Greenville (“Upstate”) is one of today’s hot Sunbelt places: young people and retirees are heading there, construction cranes are transforming the skyline, restaurants, hotels, and churches are booming, the passing interstate (I-85) is getting new lanes. Raleigh-Durham, Jacksonville, Nashville, Austin were in the same place 30 years ago. There’s the traffic and the construction dust, farmland plowed up for new subdivisions of single-family homes, condos, and apartments. Yet the town gets near-unanimous rave reviews both from the natives and newcomers.
The city has economic muscle, with mega-operations of Michelin, Fluor, GE Power, and BMW’s massive plant next door in Spartanburg. The boom will go on, they say.

An abiding feature of these places is families, young families with young kids. Kids everywhere, meaning in daycare, while parents work, doing their part for the local economic miracle. Daycare raised to a science, a caring science. For the past two years Noah met with 20 classmates at a small church daycare, four days a week, four hours a day, for creative adventures: crafts, reading, playacting, songs, field trips, the works. It’s what five-year-olds do today.
So what do you expect at a daycare commencement? Happy families, check. Pledge of allegiance, check. Program, check. Procession, check. Diplomas, check. Photos, posed and casual, check and check. Caps and gowns, check. Caps and gowns? For kids not yet in elementary school? For sure, blue and gold, tassels hung left, then right. You didn’t have that when you were five?
The kids filed up the church’s center aisle one by one, parents crowding up to get that dramatic photo. I tried, but couldn’t pick out Noah with his cap pulled down, to me the boys all looked alike. They assembled on the altar and belted out some songs. The director called each child up for his or her diploma, adding a special award for each: best reader, best explorer, best smiler, and so on. We were thrilled for Noah, who won “super scientist.” Wow.
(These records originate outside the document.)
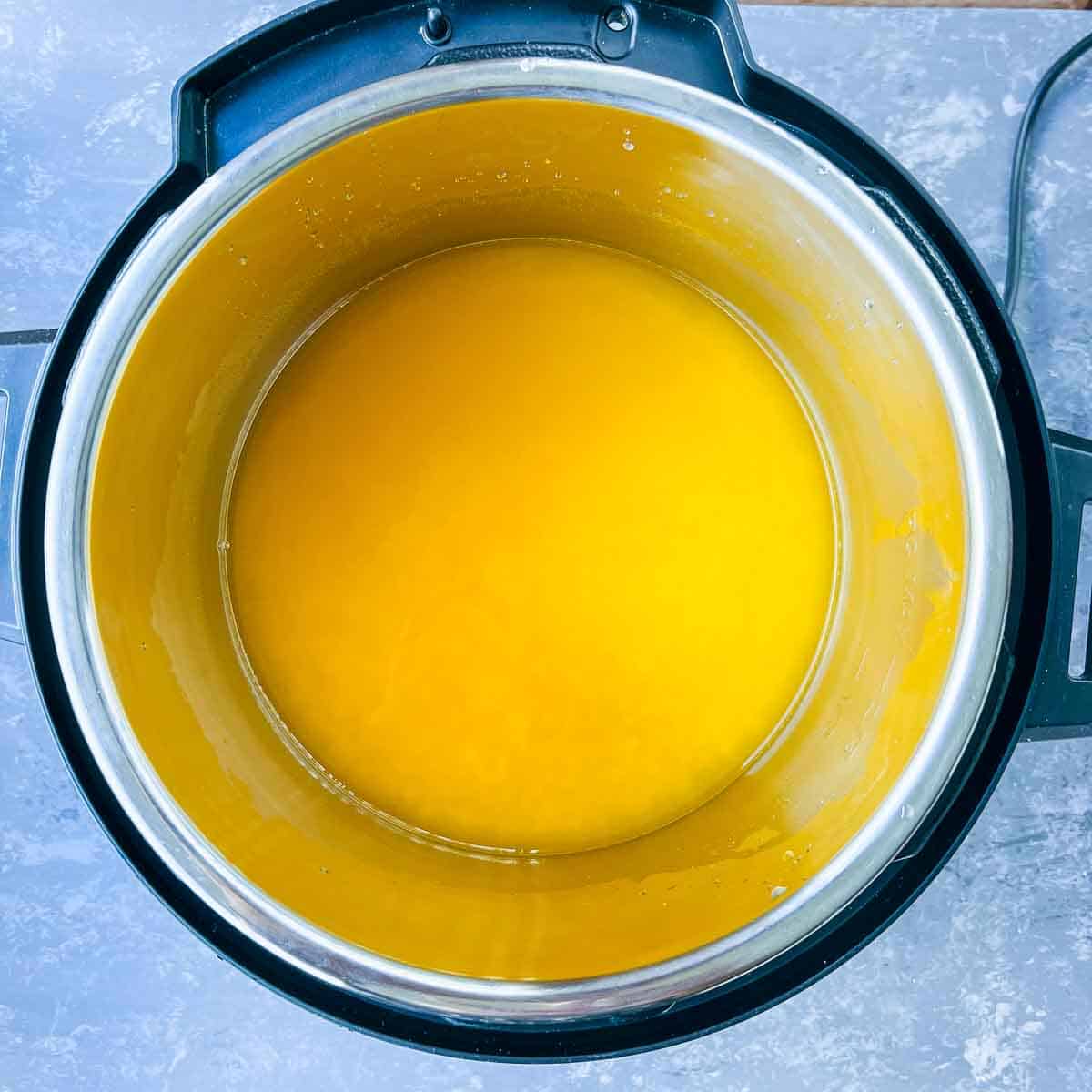 Toor dal, water and turmeric in Instant Pot.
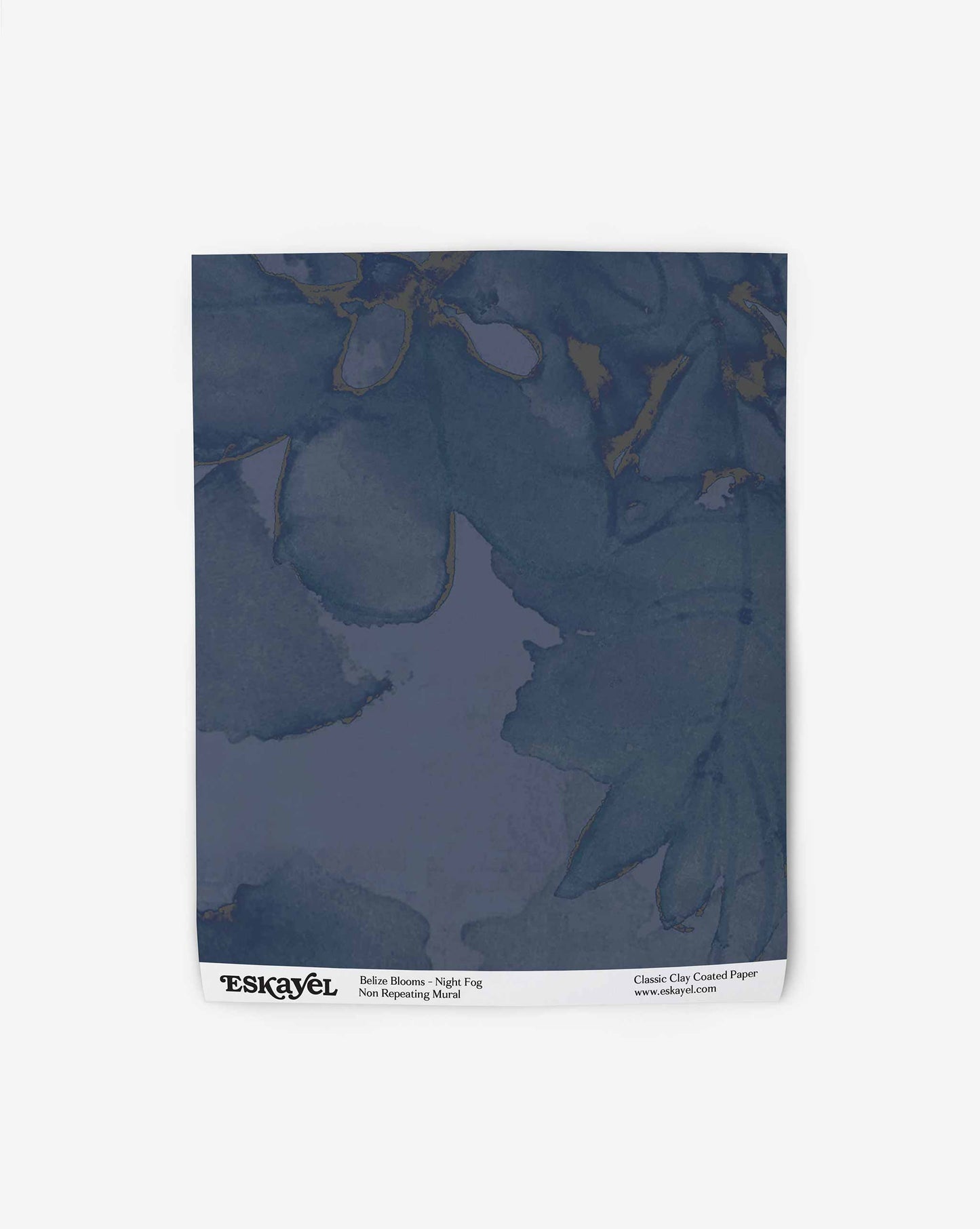 A sample of Belize Blooms Wallpaper Mural||Night Fog featuring a classic blue-gray colored pattern with subtle floral outlines, displayed on a plain background with the brand’s logo at the bottom.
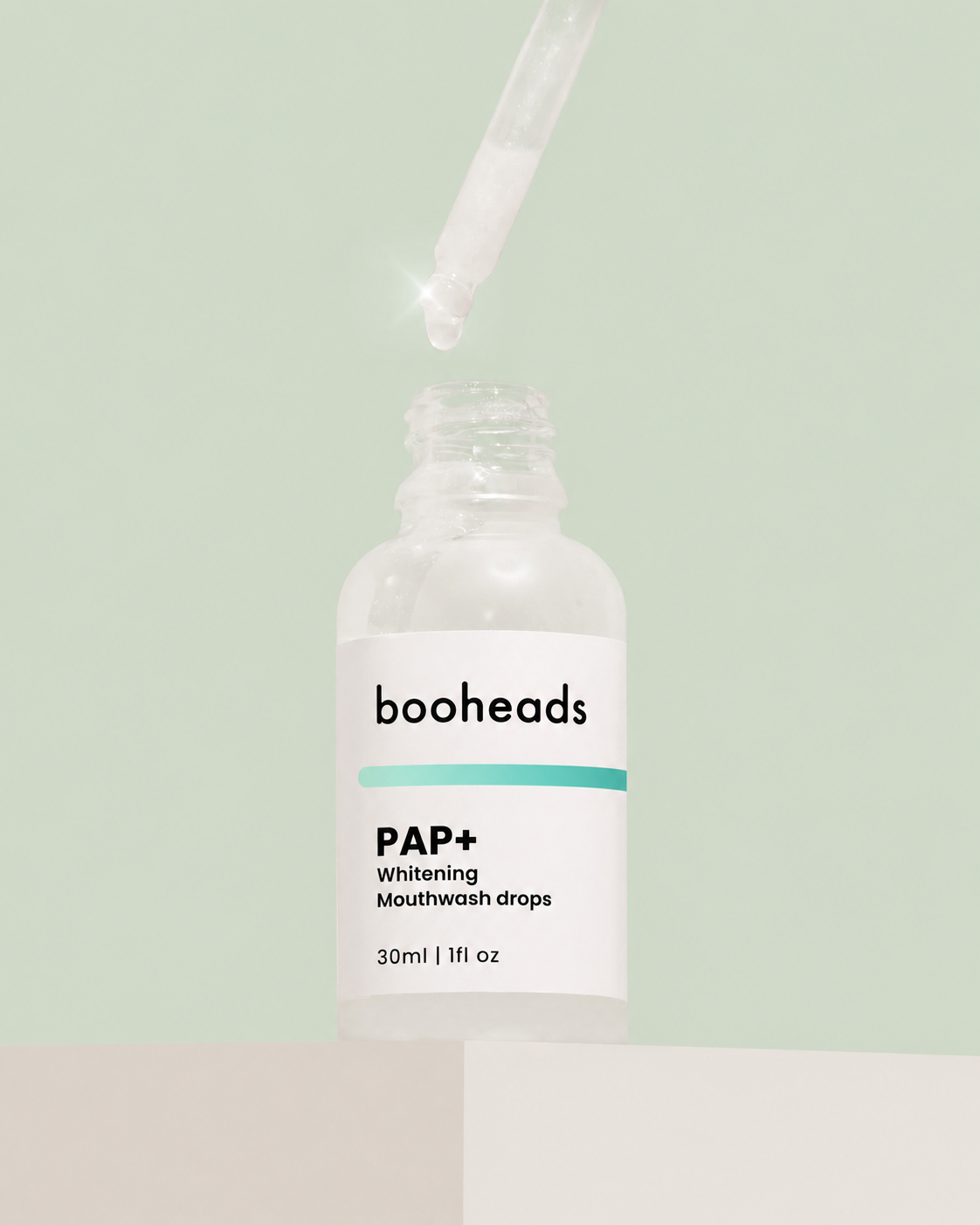 booheads PAP+ Whitening Mouthwash Drops dropper dispensing serum on a green background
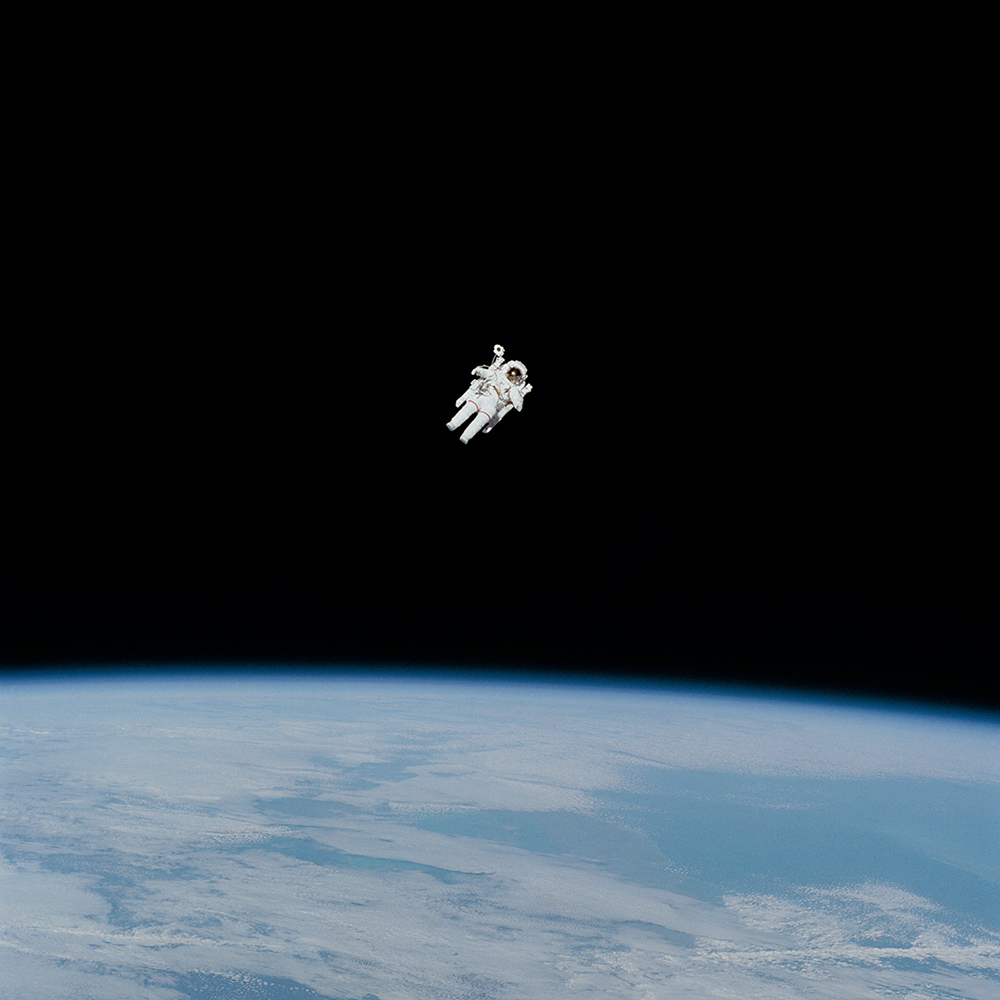 An astronaut floating untethered in space.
Next stop, Stanford.
The speaker was the program director, a pleasant lady who cried a little. She didn’t say, “Graduation is like a ship going out to sea,” nor “be true to yourselves,” nor “do what you love.” She kept it nice, thanked the parents, her faculty (faculty?), and the graduates.
We applauded the graduates as they accepted their certificates and listened to the director’s loving summation of their individual performances through the term, another opportunity for photos. That set the stage for the show-biz-caliber slide show, complete with pop-music soundtrack that showcased smiles and accomplishments. Each student received a personal gift.
The wrap-up reception starred a generous buffet built around an enormous sheet cake. The kids pulled off the caps and gowns, which they got to keep, underneath they all were in their everyday playclothes, shorts and teeshirts. I almost expected suits and long dresses.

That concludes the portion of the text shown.